カナダ女子代表プリーストマン監督[写真]=Getty Images

 国際サッカー連盟(FIFA)は27日、パリオリンピック(パリ五輪)2024女子サッカーにおいて、ニュージーランド女子代表の練習をドローンで偵察していたことが発覚したカナダ女子代表への処分を発表した。

 カナダ女子代表は25日にパリ五輪初戦でニュージーランド女子代表と対戦し、2-1で逆転勝利を収めたが、この試合前にカナダ女子代表がニュージーランド女子代表の練習をドローンで偵察していたことが発覚し、大きな問題となっている。

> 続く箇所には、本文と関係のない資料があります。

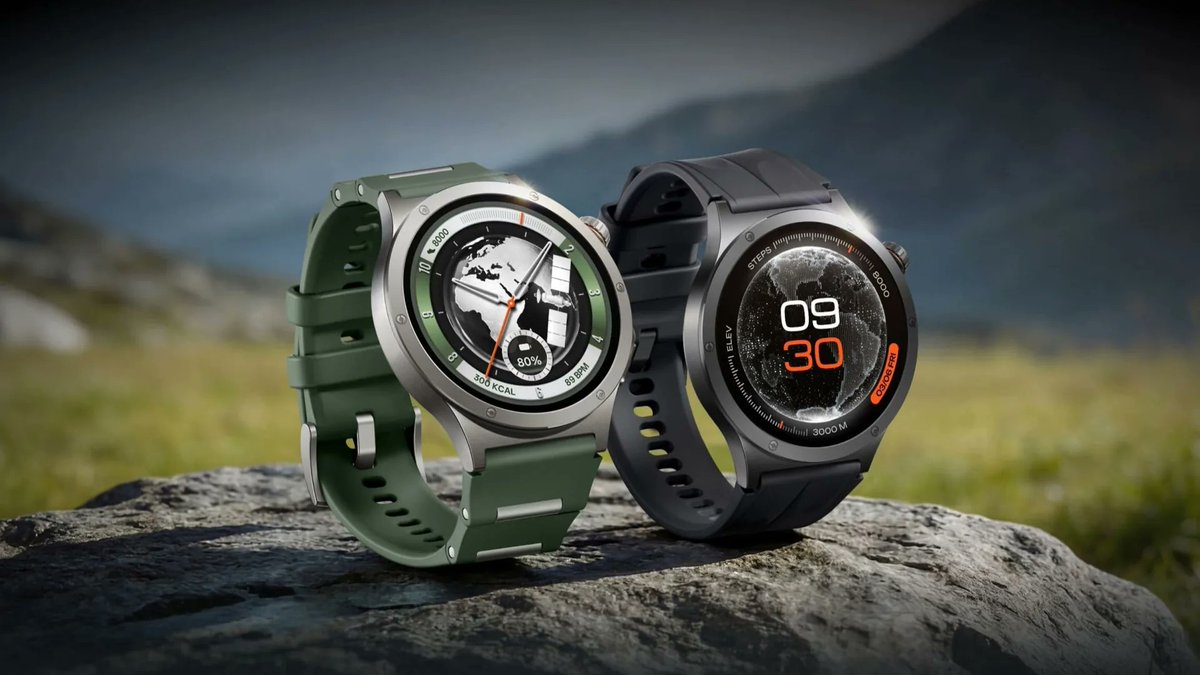daily_gadget_jp's tweet photo. Snapdragon W5搭載「OnePlus Watch 4」がセール対象に！チタンボディにピーク輝度3000nitsの有機ELを備えたハイエンド機が約44,000円
https://t.co/mRTvE9hLjt
#デイリーガジェット #OnePlusWatch4 https://t.co/0Ketv3CEGc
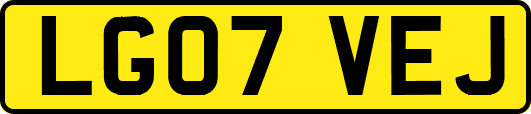 LG07VEJ
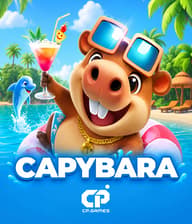 Capybara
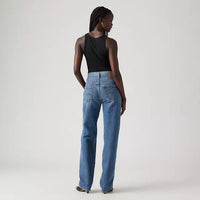 LEVI'S 501® JEANS 90's WESTERN WOMENS - IRONIC ICONIC 0001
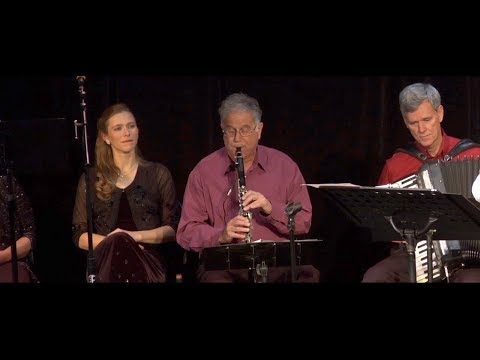 Dragi Spasovski — Mnogu merak imam, babo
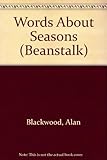 Words about seasons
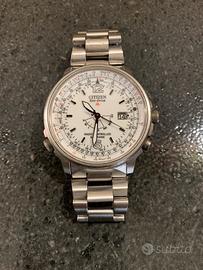 Citizen Pilot ecodrive radio controllato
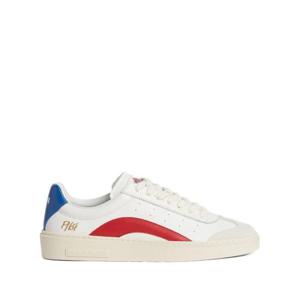디스퀘어드2 스니커즈 SNM0441 01504118 M4050 WHITE RED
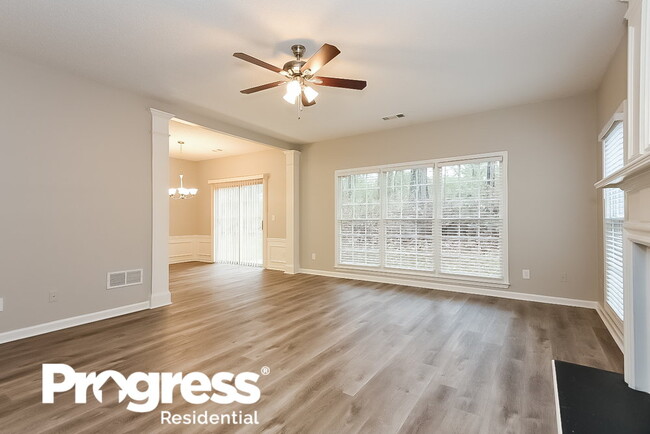 Building Photo - 3110 Binghampton Ln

 事件が起きたのは22日、ニュージーランド女子代表がトレーニングを行っている上空にドローンが飛んでいるところを発見。警察と国際オリンピック委員会(IOC)に報告すると、これを操作していたのが、カナダの非公認アナリストであるジョセフ・ロンバルディ氏だったことが明らかになった。

 カナダオリンピック委員会(COC)は「カナダサッカーの非公認アナリストであるジョセフ・ロンバルディ氏はカナダオリンピックチームから外され、直ちに帰国する。そして、ロンバルディ氏のアシスタントコーチであるジャスミン・マンダー氏もチームから外され、直ちに帰国となる」と処分を下したほか、カナダ女子代表のプリーストマン監督はパリ五輪初戦の指揮を自主的に辞退し、謝罪の声明を表明した。

 そして、24日夜遅くにはフランス検察庁がロンバルディ氏を逮捕し、同氏が罪を認めて8カ月の執行猶予付き判決を受け入れたことを発表。一方、アシスタントコーチのマンダー氏は事情聴取を受けたものの、無罪となったことが明らかになった。

 このような状況のなか、FIFAは日本時間28日にFIFA懲戒規定(FDC)第13条(攻撃的な行動およびフェアプレーの原則の違反)およびOFT規則の第6.1条(責任)の違反に抵触したとして、カナダ女子代表に対して、勝ち点6の減点処分と20万スイスフラン(約3500万円)の罰金処分を科すことを発表。

 また、プリーストマン監督、(非公認アナリスト)ジョセフ・ロンバルディ氏、(アシスタントコーチ)ジャスミン・マンダー氏に対し、1年間のサッカー関連のあらゆる活動に参加することを禁止する(資格停止処分を科す)ことを発表した。

 なお、今回処分が下されたカナダサッカー協会、監督らはスポーツ仲裁裁判所(CAS)に上訴することが可能となっている。